INDUSTRY: Ride Sharing
LOCATION: San Francisco
PREVIOUS SOLUTION: None
- Deliver data lineage transparency and literacy
- Enable cost-effective, confident data migrations
- Reduce risk posed by corrupt or inaccurate data
- Optimize compute resource utilization, savings millions
- Improve productivity at every level
- Ensure data accuracy
REQUEST A DEMO TODAY
“CompilerWorks Lineage has helped close the gap that existed in our lineage knowledge. It has helped us do impact analysis for our data migrations, upstream and down.”
— Liuyin Cheng, Lyft Data Engineer
Lyft was founded in 2012 and is one of the largest transportation networks in the United States and Canada. As the world shifts away from car ownership to transportation-as-a-service, Lyft is at the forefront of this massive societal change. Our transportation network brings together rideshare, bikes, scooters, car rentals and transit all in one app. We are singularly driven by our mission: to improve people’s lives with the world’s best transportation.
Founded in 2012 and based in San Francisco, Lyft provides millions of rides daily as the world shifts away from car ownership to transportation-as-a-service.
Lyft is technology driven and seeks to continuously improve the Lyft App at the core of its services. From the beginning, Lyft has relied on a cloud-based infrastructure, particularly Amazon Web Services (AWS), including Amazon Elastic Compute Cloud (EC2) and Amazon Simple Storage Service (S3).
Initially, Lyft was dependent on Amazon’s Redshift data warehouse and the Kinesis message bus, but ran into scalability issues due to the tight coupling of compute and storage. The firm needed to provide fast, flexible access to petabytes of both structured and unstructured data to power a vast number of data marts, BI tools, CMS apps, and a growing force of data scientists and engineers. Lyft elected to migrate from Redshift to Apache Hive, yet still host in the AWS cloud.
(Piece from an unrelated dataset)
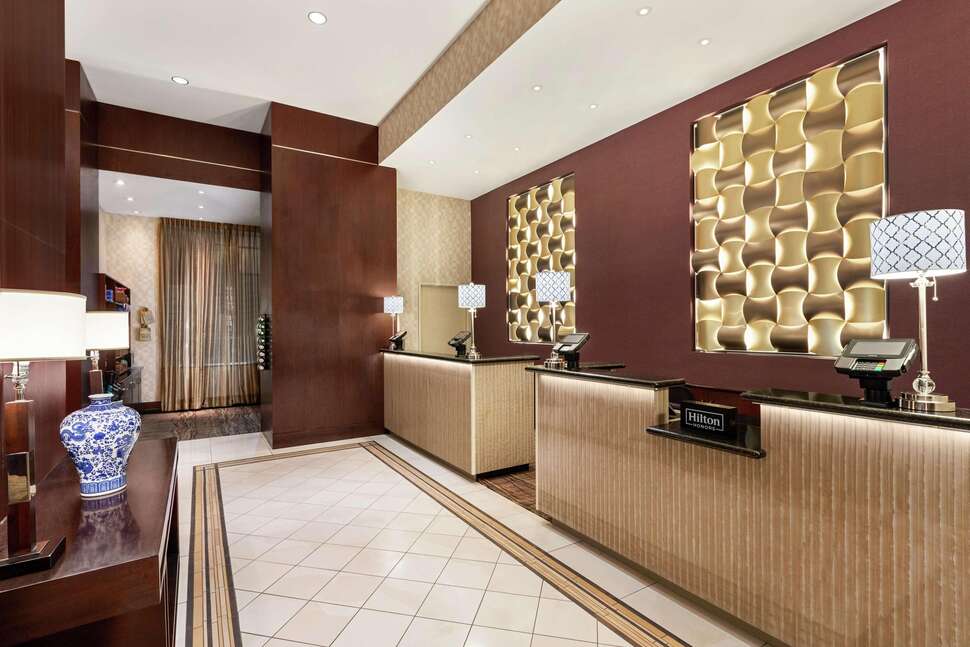 Ein Foto DoubleTree by Hilton New York Downtown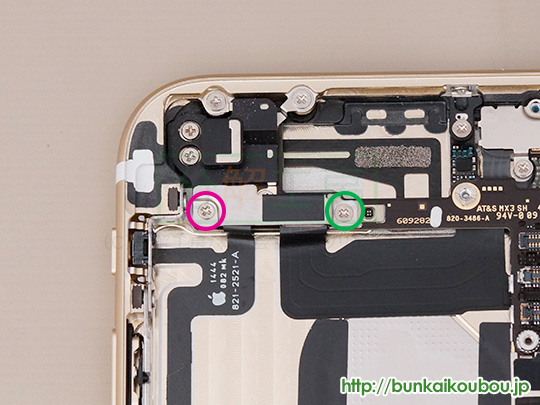 iPhone6分解24ロジックボードを外す(1)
Today, Lyft has more than 100,000 tables in Hive and a few thousand left in Redshift.
”We were continually moving data from Table A to Table B via ETL,” notes Lyft data engineer Liuyin Cheng. “Before we discovered CompilerWorks Lineage, we had little insight into our true data lineage. We did not have a good idea of the impact of changes in our data flow and access. We needed to be able to visualize our information flow, track data errors, and conduct impact analyses of data pipeline changes.”
At Lyft, data are constantly increasing, including SQL tables and views in Redshift, Presto, Hive, PostgreSQL, as well as dashboards in BI tools like Mode, Superset and Tableau. To provide faster, better access to targeted data, Lyft developed its own data discovery tool—Amundsen (after the Norwegian explorer, Roald Amundsen).
Lyft employs CompilerWorks Lineage to enable Amundsen users to trace the lineage of data based on logs, code, BI reports, ETL pipelines and other sources. The system automatically creates a unified model or lineage fabric that shows what data are used, by whom, for what and how the data were processed.
Data migration via ETL pipelines is a continuous and critical activity for Lyft data engineers. ETL pipelines are managed using Apache Airflow and data lineage assessment via CompilerWorks Lineage is an important step in the process. The firm also uses the system to ensure data quality is maintained, pipeline processing costs are optimized, usage is carefully tracked, and new hires are provided with data transparency at all times.
“Before, we had to try to manually trace the lineage of data the best we could,” Cheng notes. “With CompilerWorks Lineage, when we have a need to know the lineage of a data pipeline, we have a powerful tool that tells us all we need to know. It’s saving us a lot of time and improving our productivity. Understanding the scope of the data and who will be impacted by the proposed changes is a big part of the project, and CompilerWorks helps us do that.”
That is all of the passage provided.